What is miscellaneous professional liability insurance?
Miscellaneous professional liability insurance covers various professionals or quasi professionals who may not fall into the standard policies or specific categories covered by traditional professional liability insurance. For example, traditional professional liability insurance is tailored to specific professions, such as design and engineering professionals. Choosing the correct traditional professional liability insurance policy depends, in large part, on the nature of the profession and the coverage needs. Miscellaneous professional liability insurance, however, is suitable for professionals regardless of whether it falls within a specific industry recognized by traditional professional liability insurance.
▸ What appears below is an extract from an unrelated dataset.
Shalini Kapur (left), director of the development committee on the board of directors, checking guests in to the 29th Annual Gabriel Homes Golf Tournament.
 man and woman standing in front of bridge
Who could use miscellaneous professional liability insurance?
Professionals in the construction industry who may elect to procure miscellaneous professional liability insurance coverage include, but are not limited to, owner’s representatives, program managers, consultants, safety consultants, and any others who may need a more flexible policy that can cater to the diverse needs of their role in a construction project.
Before beginning your next project, contact your broker or insurance provider to learn more about this insurance and consider whether this insurance might be right for you.
AIA Contract Documents has provided this article for general informational purposes only. The information provided is not legal opinion or legal advice and does not create an attorney-client relationship of any kind. This article is also not intended to provide guidance as to how project parties should interpret their specific contracts or resolve contract disputes, as those decisions will need to be made in consultation with legal counsel, insurance counsel, and other professionals, and based upon a multitude of factors.